*Instructions to follow*
Your output should repeat the entries below exactly. It should contain no images.

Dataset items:
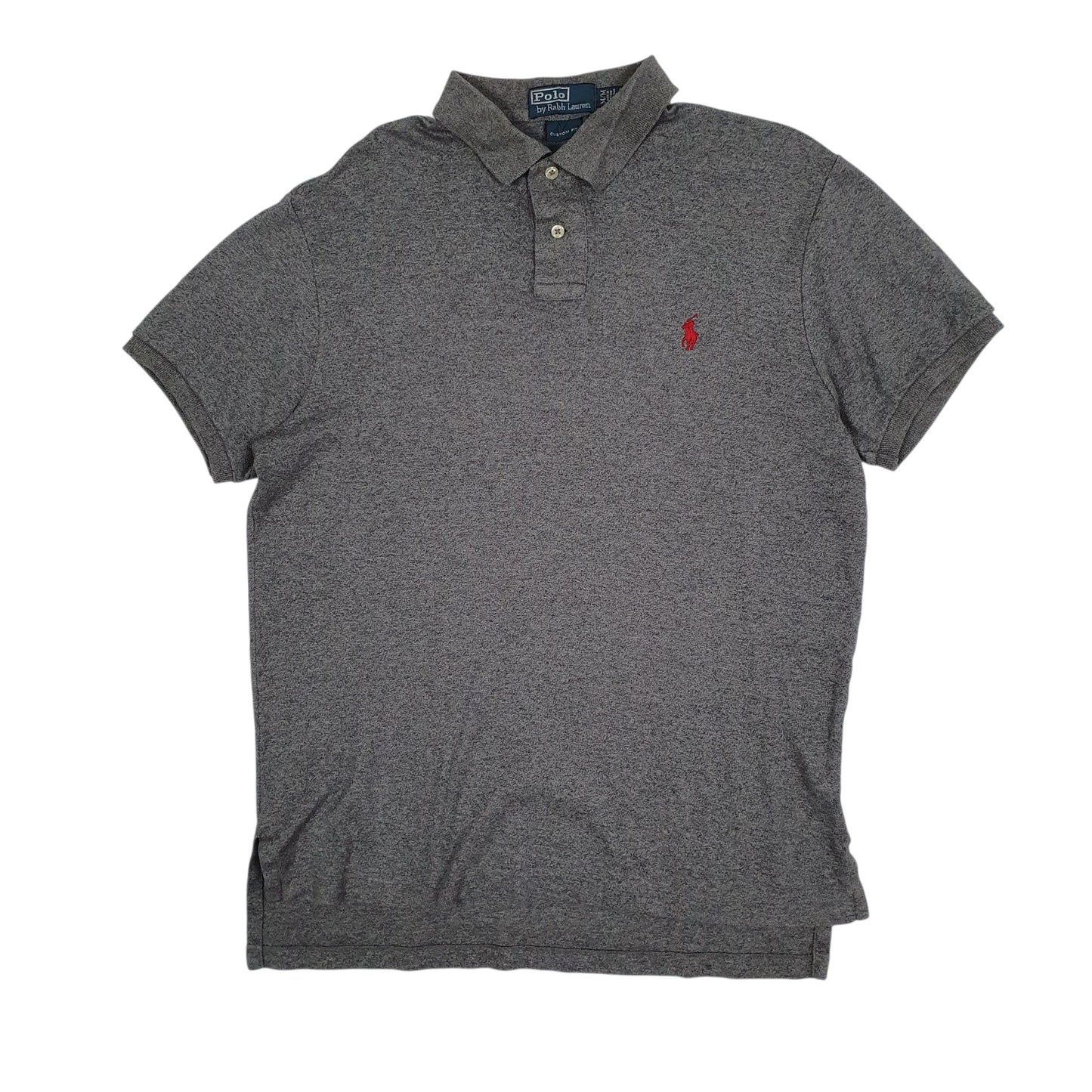 Mens Grey Polo Ralph Lauren  Short Sleeve Polo Shirt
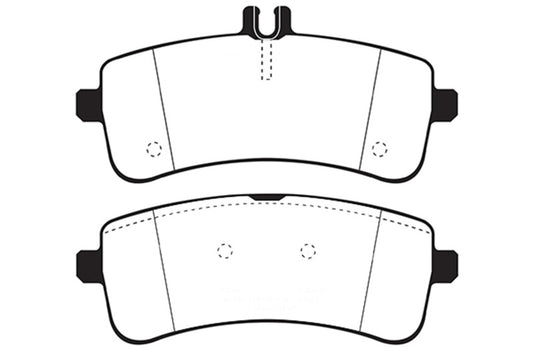 EBC 2015+ Mercedes-Benz C63 S AMG (W205) 4.0L Twin Turbo Redstuff Rear Brake Pads - Blais Performance Parts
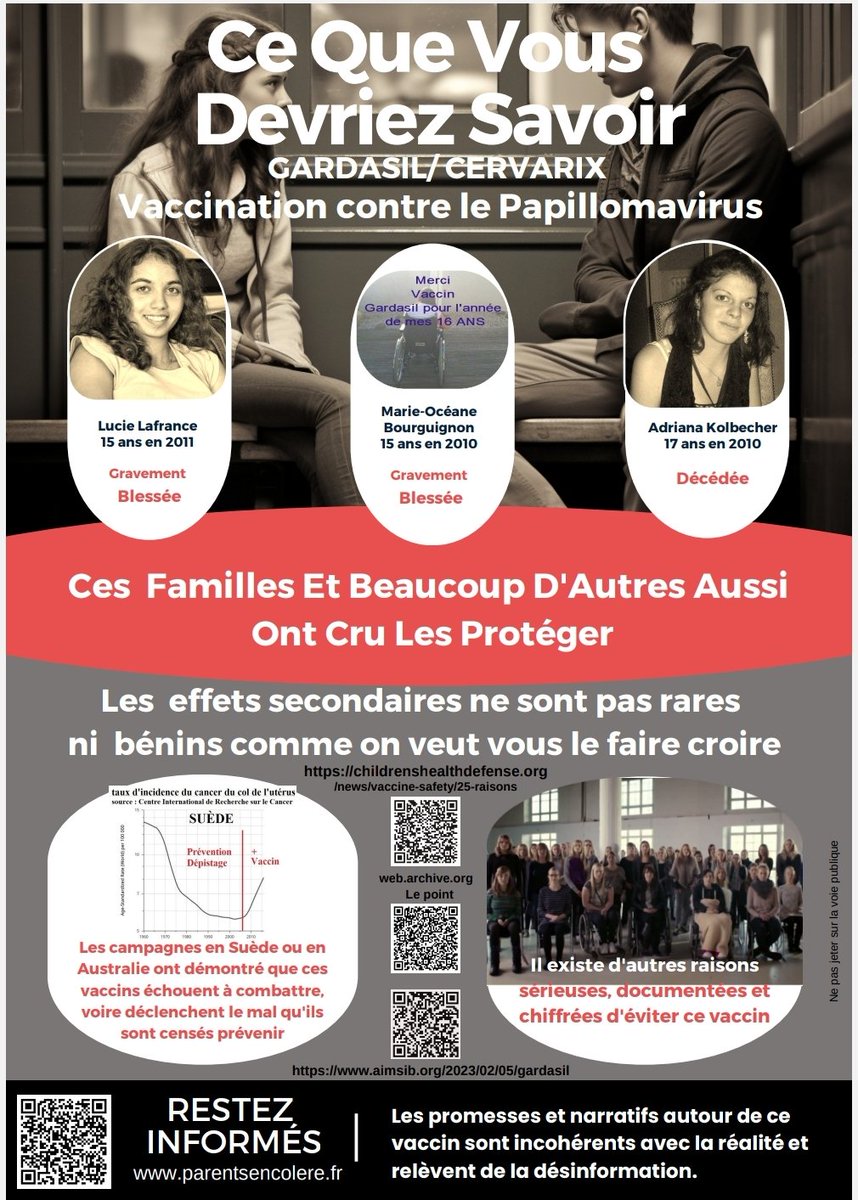 AssociationPEC's tweet image. 🔴 Choisissez votre modèle, téléchargez, imprimez, puis partagez dès maintenant ces informations autour de vous ! 

Version parents / Versions jeunes :
parentsencolere.fr/flyers/retrouv…

N&apos;attendons pas la rentrée scolaire !
#ParentsEnColere #HPVvax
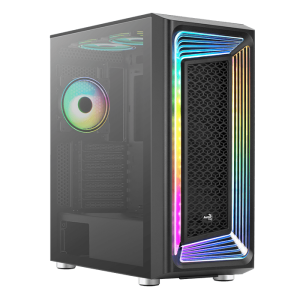 Aerocool Interstellar (Mid Tower Case) (Top ARGB Fan 82, Rear ARGB Fan 81, Front Black Fan *2) - Zapcart Technology Qatar
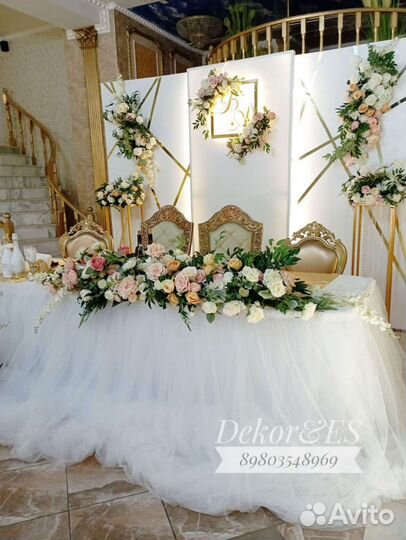 Свадебное оформление
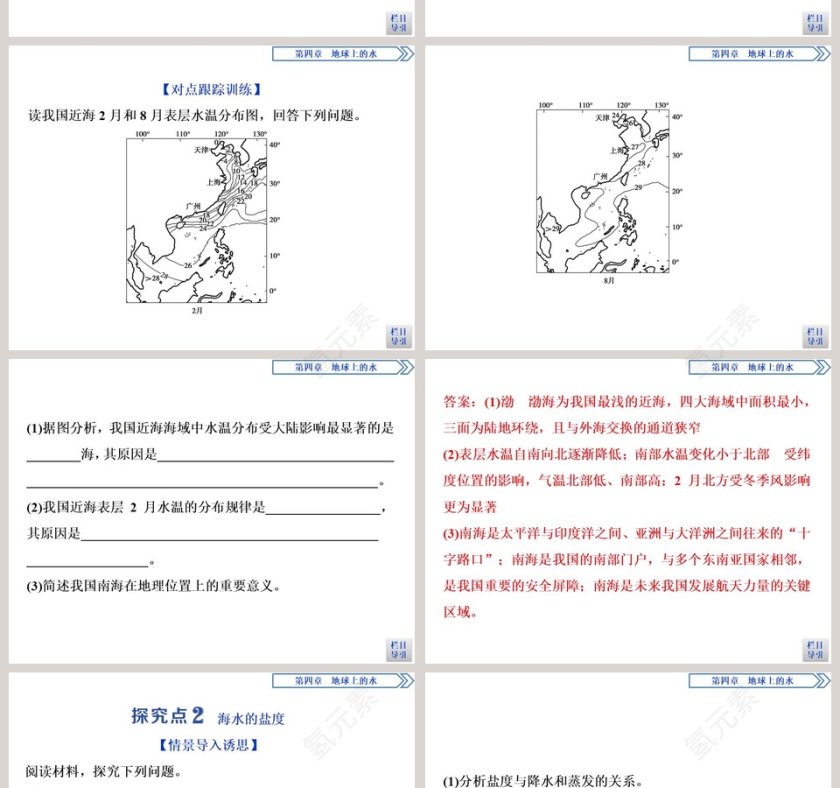 第二节海水的性质和运动-第教学ppt课件第6张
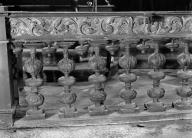 Clôture de choeur (table de communion), chapelle Notre-Dame-de-Kergoat (Quéménéven)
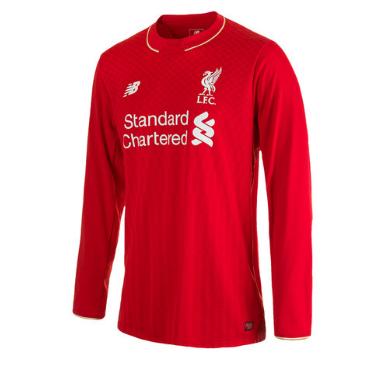 LIVERPOOL - KOSZULKA 2015/16 (dł. rękaw, JUNIOR), DOM
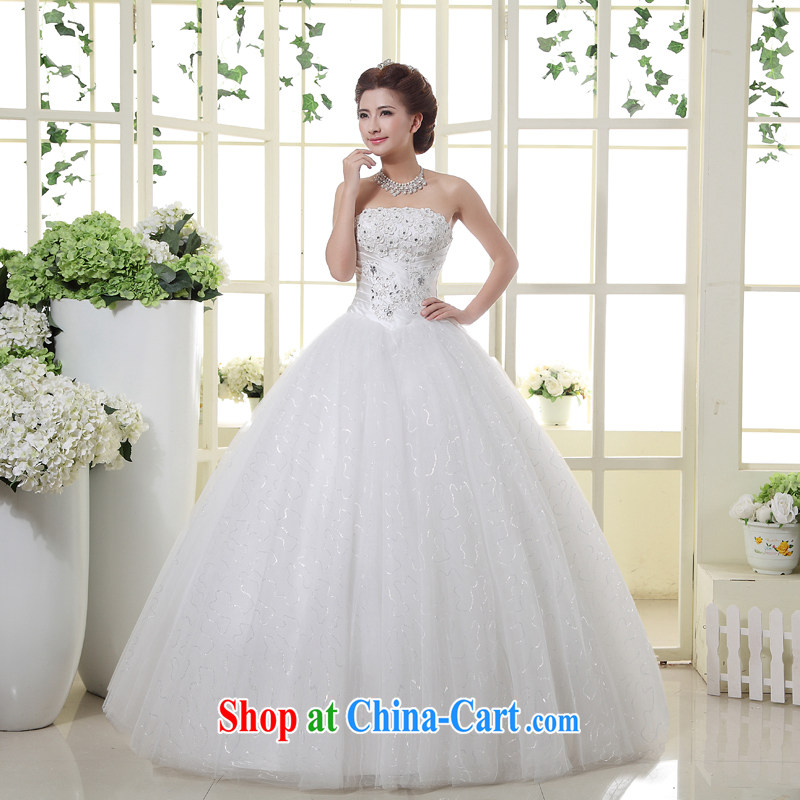 Honey, bride wedding dresses 2015 new wiped his chest to Princess marriages the code elegant sweet Korean wedding white XL, honey, bride, shopping on the Internet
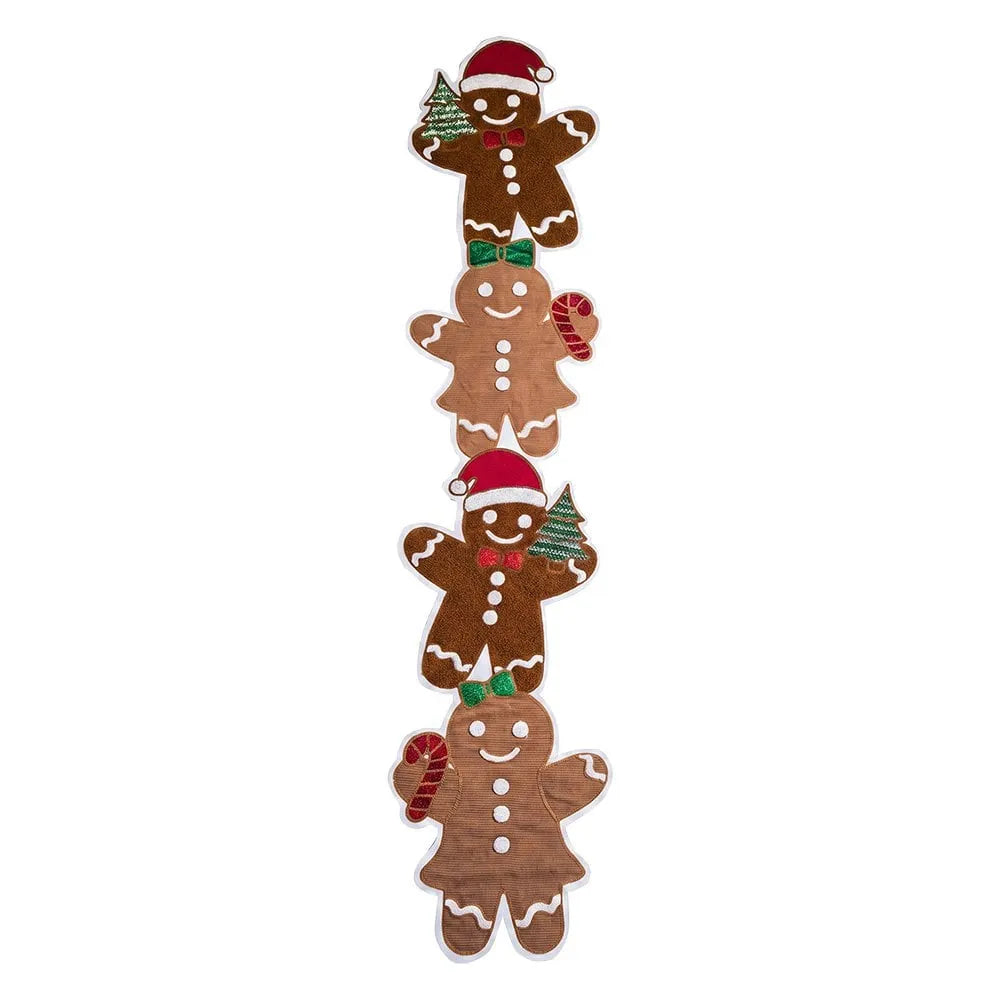 Clayre &amp; Eef. Tischläufer mit Lebkuchenfiguren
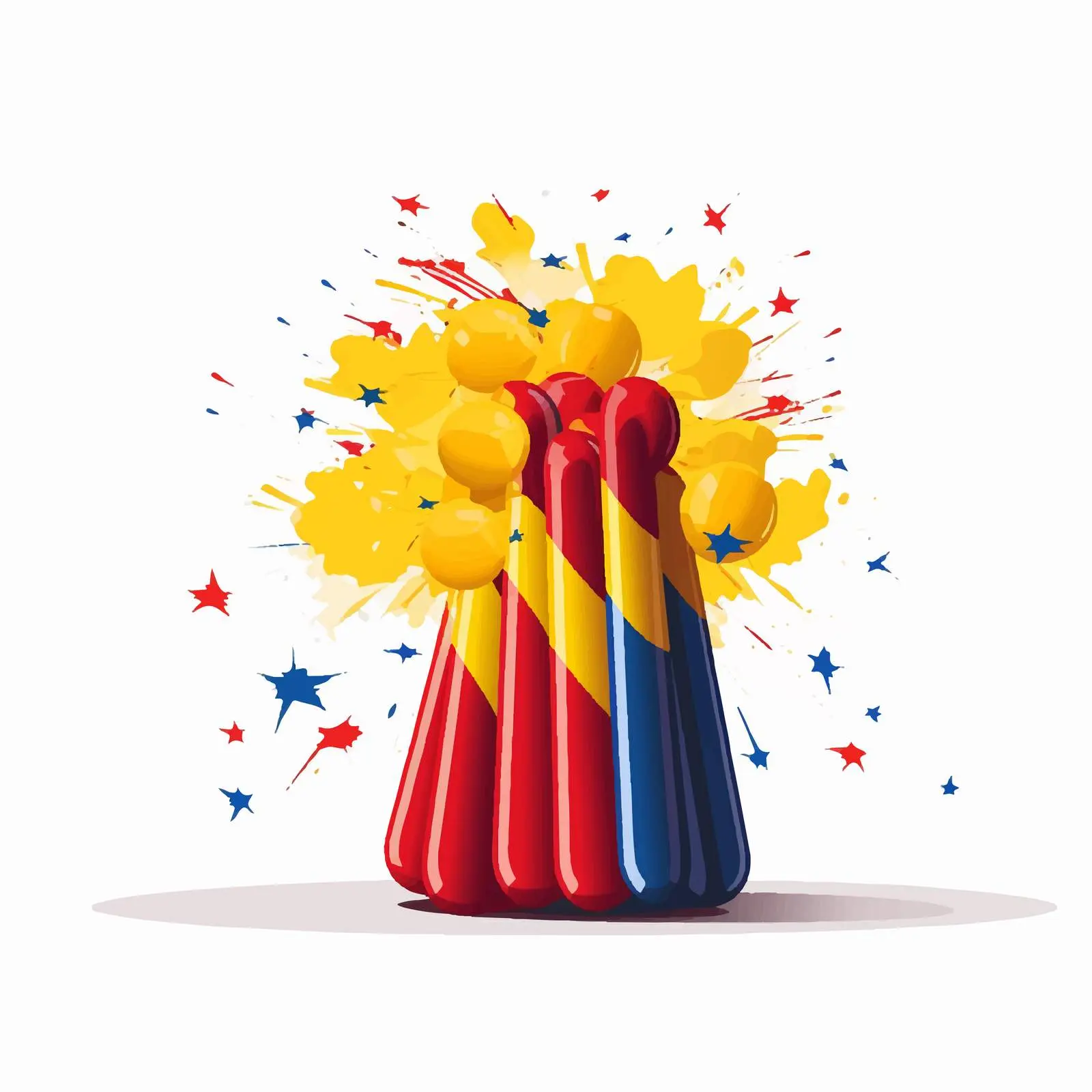 Festival Firecracker in National Flag Colors — free download from Dotvec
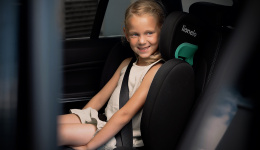 HUGO I-Size Lionelo fotelik samochodowy 15-36kg isofix - Pink Baby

*Response to this task*
 Mens Grey Polo Ralph Lauren  Short Sleeve Polo Shirt
 EBC 2015+ Mercedes-Benz C63 S AMG (W205) 4.0L Twin Turbo Redstuff Rear Brake Pads - Blais Performance Parts
 AssociationPEC's tweet image. 🔴 Choisissez votre modèle, téléchargez, imprimez, puis partagez dès maintenant ces informations autour de vous ! 

Version parents / Versions jeunes :
parentsencolere.fr/flyers/retrouv…

N&apos;attendons pas la rentrée scolaire !
#ParentsEnColere #HPVvax
 Aerocool Interstellar (Mid Tower Case) (Top ARGB Fan 82, Rear ARGB Fan 81, Front Black Fan *2) - Zapcart Technology Qatar
 Свадебное оформление
 第二节海水的性质和运动-第教学ppt课件第6张
 Clôture de choeur (table de communion), chapelle Notre-Dame-de-Kergoat (Quéménéven)
 LIVERPOOL - KOSZULKA 2015/16 (dł. rękaw, JUNIOR), DOM
 Honey, bride wedding dresses 2015 new wiped his chest to Princess marriages the code elegant sweet Korean wedding white XL, honey, bride, shopping on the Internet
 Clayre &amp; Eef. Tischläufer mit Lebkuchenfiguren
 Festival Firecracker in National Flag Colors — free download from Dotvec
 HUGO I-Size Lionelo fotelik samochodowy 15-36kg isofix - Pink Baby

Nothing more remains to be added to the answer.